CHAPTER V. SUMMARY AND CONCLUSIONS
Summary
Traffic management centers often face two significant challenges in traffic and incident management. First, it is difficult to ensure full coverage of the network through sensors and cameras. This is due to the fact that installation and maintenance of a large number of sensors and cameras requires a large outlay of staff and resources. Further, manually monitoring a large number of sensors and camera feeds is difficult. Second, detection of incidents in real-time is often challenging. Sensors and cameras may indicate the potential location of incidents, but incident detection through these two data sources are typically constrained by operational challenges. Trying to detect and monitor incidents through sensors and cameras during congested traffic conditions is difficult and may raise false alarms.
The above stated challenges of TMCs can be alleviated by augmenting the data obtained from the ITS infrastructure of TMCs with real-time crowdsourced data. The increase in popularity of personal devices such as smartphones and ever increasing advances in mobile computational technology provides an enormous opportunity to engage network users and citizens in traffic and incident management. In addition, today's smartphones are often programmable and equipped with a set of embedded sensors, such as a gyroscope, accelerometer, digital compass, GPS, microphone, and camera. Simple mobile apps can turn a smartphone into a powerful sensing device and it can potentially generate extremely useful data passively without any intervention from the user. As per Yang et al. (2012), "One can leverage millions of personal smartphones and a near-pervasive wireless network infrastructure to collect and analyze sensed data far beyond the scale of what was possible before, without the need to deploy thousands of static sensors."
59

However, there are multiple challenges related to the application of crowdsourced data in traffic and incident management. Most important of these challenges is that it is difficult to get sufficient data through voluntary participation in crowdsourcing. Network users tend to report only when stranded. This challenge can be overcome by implementing incentivizing measures, which has been tried with success in many parts of world. Another challenge related to crowdsourcing is ensuring that the data that is reported is accurate. Although the findings from this study indicate that incidents where citizens intentionally report false data are rare, the possibility of such situations occurring cannot be ruled out.
The challenges posed by crowdsourced data should be thoroughly understood before this data is fully integrated into the TMC's systems and processes. This study attempted to understand the advantages and disadvantages of crowdsourcing technique and its suitability for its potential use by GDOT's TMC operations by surveying the state of art and practice of crowdsourced traffic and incident management systems. For this purpose, two important tasks were performed. First, a through literature review was conducted to understand the state of art of this technique around the world. Then, the interviews were conducted with TMC staff members from across the country to understand the state of practice. A targeted set of interviews of TMC personnel was also conducted to understand the strengths and weakness of the TMC in Georgia. Based on the insights gained from the literature review and interviews, a system for crowdsourced traffic management for Georgia has been proposed in this study. Following are some important insights from this study:
With the advances in mobile computing and OSNs the potential of crowdsourced traffic management has increased.
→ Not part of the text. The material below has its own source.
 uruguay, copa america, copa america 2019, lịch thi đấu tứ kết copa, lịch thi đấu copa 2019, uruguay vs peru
Crowdsourced information such as incident location, weather, congestion and roadway conditions are extremely useful for real-time traffic management. 60

There are three types of crowdsourcing techniques: active, passive and combined. Crowdsourcing increases public participation in data generation which results in more
effective traffic management. Reliability of crowdsourced data is a major challenge. Mobile device sensor are the most prevalent means of data collection. Gamification techniques such as a social leader board and a social incentive based systems
are used to increase the number of users. The majority of DOTs have a strong presence on OSNs. A large volume of data is necessary to effectively use crowdsourcing techniques, yet this
volume of data is difficult for TMCs to manage. Waze Connected Citizens Program has been beneficial for TMCs to obtain data from poor
coverage areas. A single system that processes information from all the sources of crowdsourced
information is required to be effectively utilized by the TMC. Automated filtering and prioritization mechanisms need to be developed for the systems
being used by the TMC. Georgia DOT has an efficient work flow in place with can benefit greatly from the
proposed automated crowdsourced system.
61

Recommendations
1. Computer Vision Technology (CVT): CVT can be used to automatically detect incidents in the video feed and alert the personnel monitoring them. This would significantly decrease the chance of missing incidents.
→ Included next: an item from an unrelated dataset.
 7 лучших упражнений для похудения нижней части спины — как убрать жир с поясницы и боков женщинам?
2. Automatic Dissemination of Information: This would increase the efficiency of the TMC operations by decreasing the burden on the TMC operators as well as promote citizen engagement.
3. Social Media Analytics Tools: Products like Hootsuite (https://hootsuite.com/ ) can help swiftly filter the data and thus verify road network user problems more accurately and in real-time.
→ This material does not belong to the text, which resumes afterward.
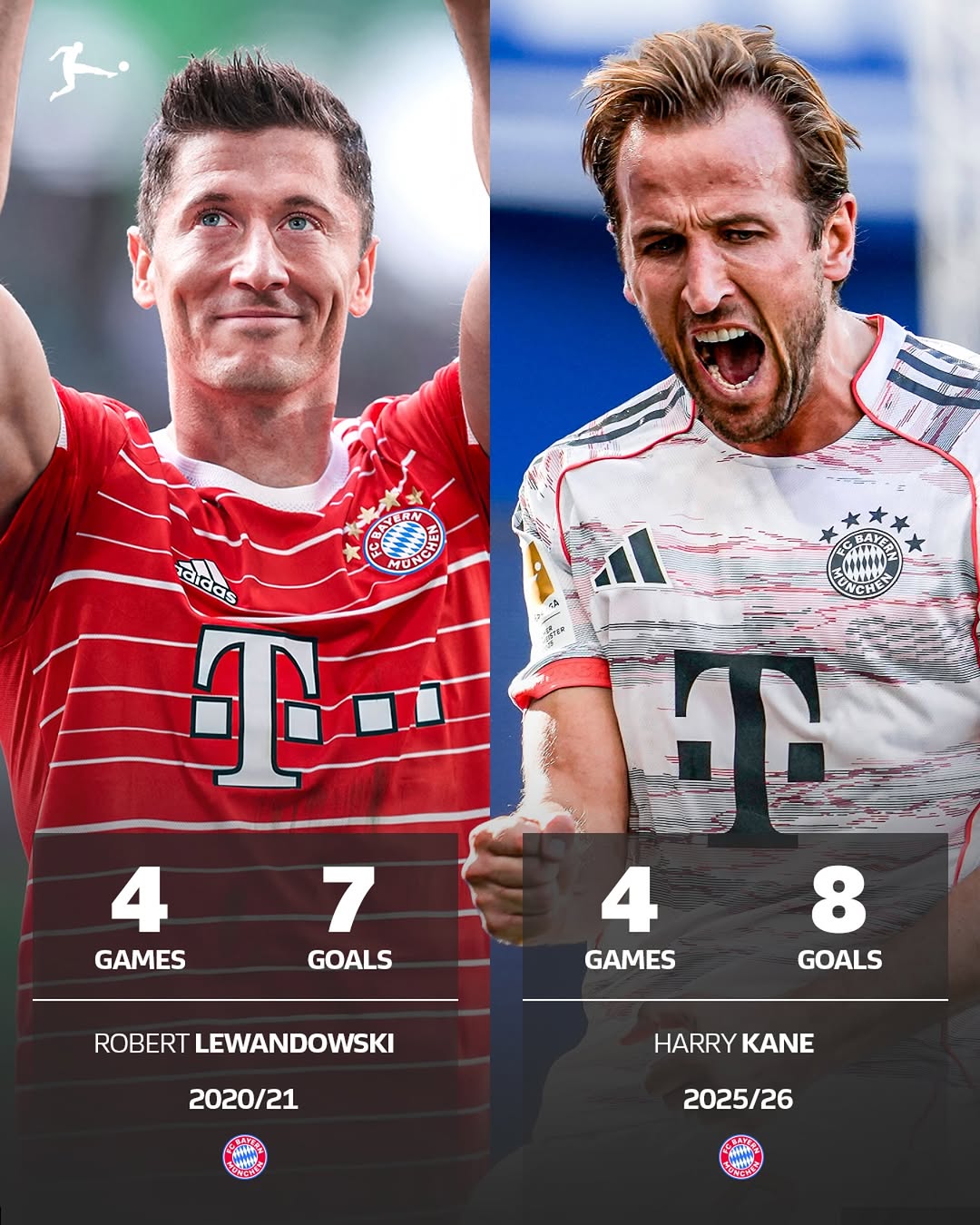 هری کین - روبرت لواندوفسکی - بایرن مونیخ - بوندسلیگا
4. Verification Using Crowdsourcing: Citizens passing through the incident area can be automatically notified and requested to post a picture or tap on "verified" if they see an incident.
5. Storing Comprehensive Historical Incident Data: This data is important for developing future strategies and tools. Past data will help product designers understand past usage patterns and design a customized system.
6. Improved Data Management System: Sensors, cameras, crowdsourced data, and other data inputs generate huge datasets over time. Therefore, an effective data management system is of paramount importance. The evolving big data management techniques need to be utilized by the TMC for efficient data storage and retrieval.
7. Improve Usability of Tools: Conducting usability testing and obtaining feedback from employees regarding the advantages and disadvantages of the tools currently in place at the 62

TMC could help to improve the efficiency of the TMC personnel, which would result in a smoother workflow. As new processes are integrated to take advantage of crowdsourced data, this also provides an ideal time to review the effectiveness of the overall suite of tools in use at the TMC.
8. Data Visualizations: Increased use of data visualizations would make it easier to understand the existing data. Good visualizations are an efficient tool to quickly filter the data.
9. Crowdsourced System in this Study: The crowdsourcing system proposed in this study is simple to build and will require a limited investment of resources. This solution will improve the incident detection process and lead to a shorter response time.
10. System Integration: The most desirable and overarching recommendation to improve the efficiency of the TMC is to implement a new system with better integration across all functions. The current volume of incident reporting, together with the crowdsourced data input, all primarily captured manually with a fragmented system can result in inefficient TMC operations. A system where all the information feeds into single integrated process would be the most effective. This will allow the DOTs to avoid duplication in incident detection and enable optimal use of existing resources and personnel.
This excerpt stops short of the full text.